Les tableaux de Soulages ne sont pas des fenêtres ouvertes sur le monde, mais vont devenir assez vite une surface de projection pour le spectateur. Comment résister à l’appel du plein, au monde des rêves nocturnes ? Sur un écran de cinéma est projeté un film, sur l’écran Soulages le regard projette son propre film. Pour autant, il ne faut pas croire que n’importe quel rectangle noir ferait l’a aire. Si tel était le cas, le peintre débiterait ses œuvres en série comme Dalí signait des feuilles vierges à la chaîne. Or, nombreux sont les ratés qu’il détruit lui–même et lente peut être la germination d’une nouvelle œuvre. Car, ce n’est pas seulement une question de matière, c’est aussi a aire de format.
Les grands polyptiques fixés par des filins entre plancher et plafond réclament ainsi une approche presque solennelle.

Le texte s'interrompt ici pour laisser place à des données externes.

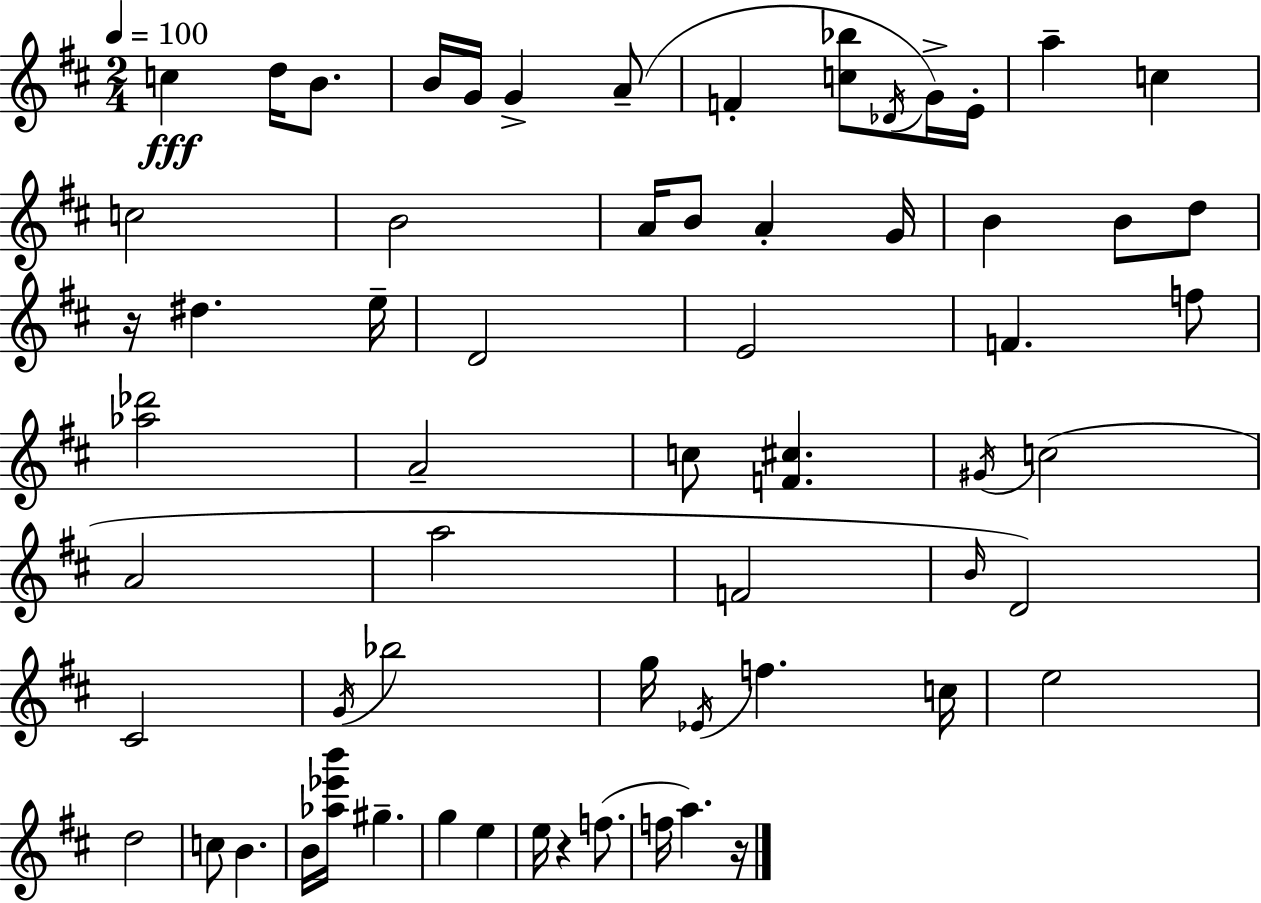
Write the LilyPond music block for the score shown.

{
  \clef treble
  \numericTimeSignature
  \time 2/4
  \key d \major
  \tempo 4 = 100
  c''4\fff d''16 b'8. | b'16 g'16 g'4-> a'8--( | f'4-. <c'' bes''>8 \acciaccatura { des'16 }) g'16-> | e'16-. a''4-- c''4 | \break c''2 | b'2 | a'16 b'8 a'4-. | g'16 b'4 b'8 d''8 | \break r16 dis''4. | e''16-- d'2 | e'2 | f'4. f''8 | \break <aes'' des'''>2 | a'2-- | c''8 <f' cis''>4. | \acciaccatura { gis'16 } c''2( | \break a'2 | a''2 | f'2 | \grace { b'16 } d'2) | \break cis'2 | \acciaccatura { g'16 } bes''2 | g''16 \acciaccatura { ees'16 } f''4. | c''16 e''2 | \break d''2 | c''8 b'4. | b'16 <aes'' ees''' b'''>16 gis''4.-- | g''4 | \break e''4 e''16 r4 | f''8.( f''16 a''4.) | r16 \bar "|."
}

La leçon de Matisse n’est pas oubliée : "Un centimètre carré de bleu n’est pas aussi bleu qu’un mètre carré du même bleu". Ça vaut aussi bien pour Yves Klein et son IKB (International Klein Blue) que pour Soulages. On a tôt fait de distribuer la gamme chromatique : bleu Klein, vert Véronèse, jaune Van Gogh. Ou encore rouge des mains négatives de la grotte du Pech Merle – la découverte de l’art pariétal avait laissé en effet une impression forte sur le lycéen qu’il était alors.

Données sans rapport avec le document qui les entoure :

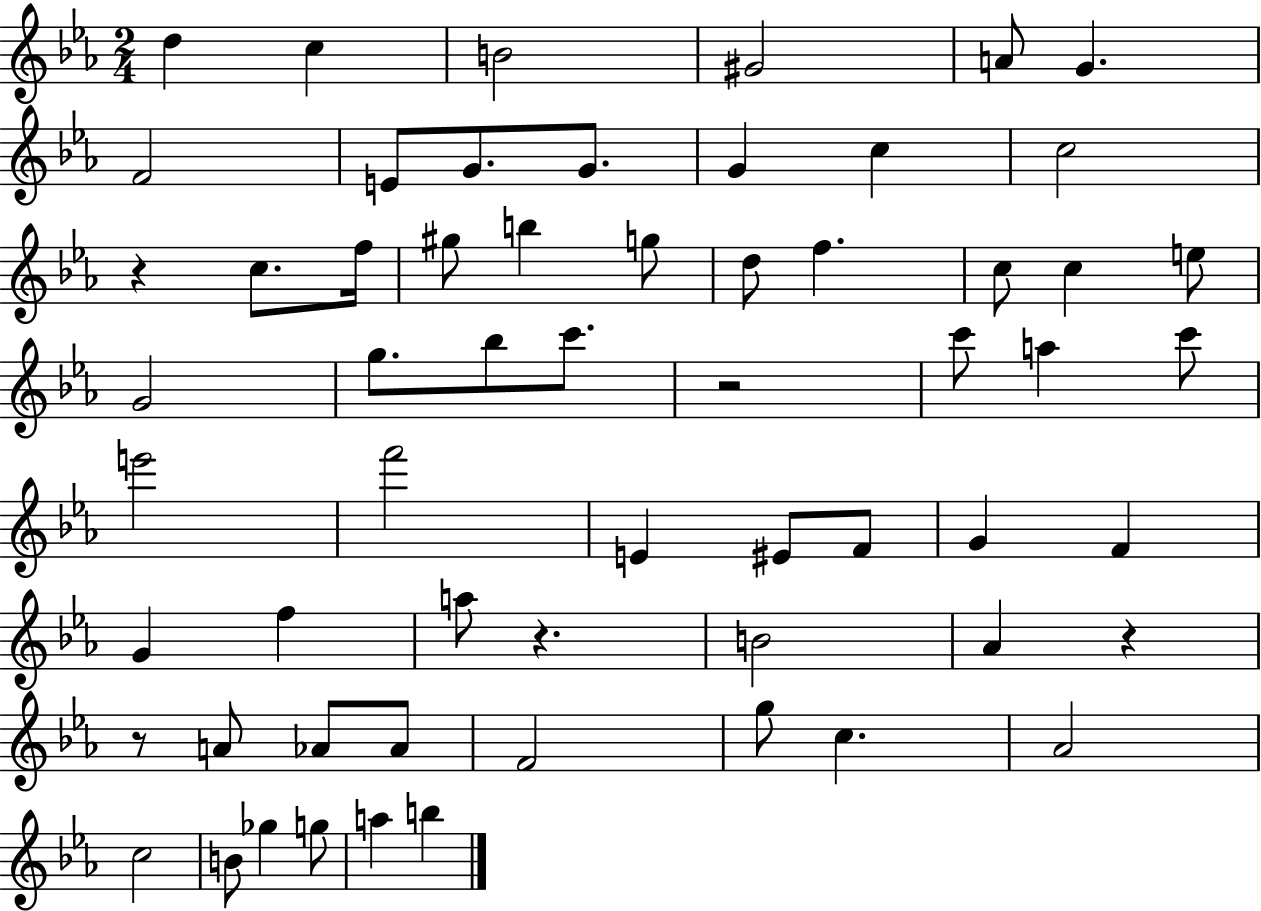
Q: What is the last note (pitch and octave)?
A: B5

© Musée Fabre © Archives Soulages © ADAGP, Paris 2019
À proprement parler, le noir n’intéresse pas Soulages. Il n’est pour lui ni une couleur ni une invention ni une marque de fabrique. Franz Kline, Ad Reinhardt ou Richard Serra partageaient avec lui cette faveur pour l’usage du noir. Son ami Rothko a peint des Black Paintings et, bien avant lui, Goya orna les murs de sa Quinta del Sordo des célèbres Pinturas negras. Pas question non plus de traiter le noir comme un produit commercial, ainsi que l’a fait Anish Kapoor en achetant les droits exclusifs du Vantablack, substance noire dotée du plus important coefficient d’absorption. Soulages est au-delà de tout ça ; cela fait quarante ans qu’il est outrenoir, néologisme qu’il a forgé pour dire que le noir est purement et simplement de la lumière.

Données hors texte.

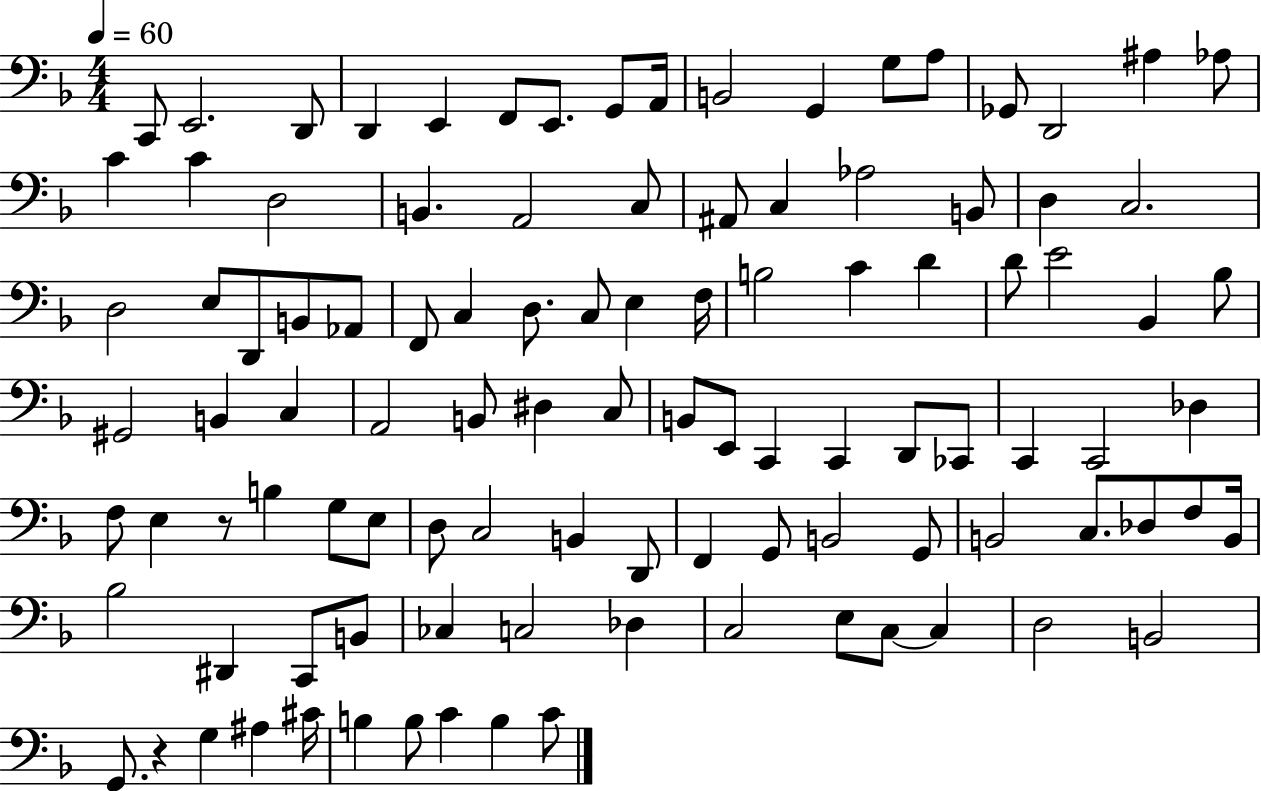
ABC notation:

X:1
T:Untitled
M:4/4
L:1/4
K:F
C,,/2 E,,2 D,,/2 D,, E,, F,,/2 E,,/2 G,,/2 A,,/4 B,,2 G,, G,/2 A,/2 _G,,/2 D,,2 ^A, _A,/2 C C D,2 B,, A,,2 C,/2 ^A,,/2 C, _A,2 B,,/2 D, C,2 D,2 E,/2 D,,/2 B,,/2 _A,,/2 F,,/2 C, D,/2 C,/2 E, F,/4 B,2 C D D/2 E2 _B,, _B,/2 ^G,,2 B,, C, A,,2 B,,/2 ^D, C,/2 B,,/2 E,,/2 C,, C,, D,,/2 _C,,/2 C,, C,,2 _D, F,/2 E, z/2 B, G,/2 E,/2 D,/2 C,2 B,, D,,/2 F,, G,,/2 B,,2 G,,/2 B,,2 C,/2 _D,/2 F,/2 B,,/4 _B,2 ^D,, C,,/2 B,,/2 _C, C,2 _D, C,2 E,/2 C,/2 C, D,2 B,,2 G,,/2 z G, ^A, ^C/4 B, B,/2 C B, C/2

Puisqu’il s’agit avant tout de lumière, il n’y a aucune contradiction entre, d’une part, ses déclinaisons du tableau noir et, de l’autre, son assemblage de vitraux dans l’abbatiale Sainte-Foy de Conques. Là, les rayures – et non rayons – de soleil pénètrent dans la pénombre ecclésiastique comme les striures des peintures ouvrent sur la promesse d’un outre-monde.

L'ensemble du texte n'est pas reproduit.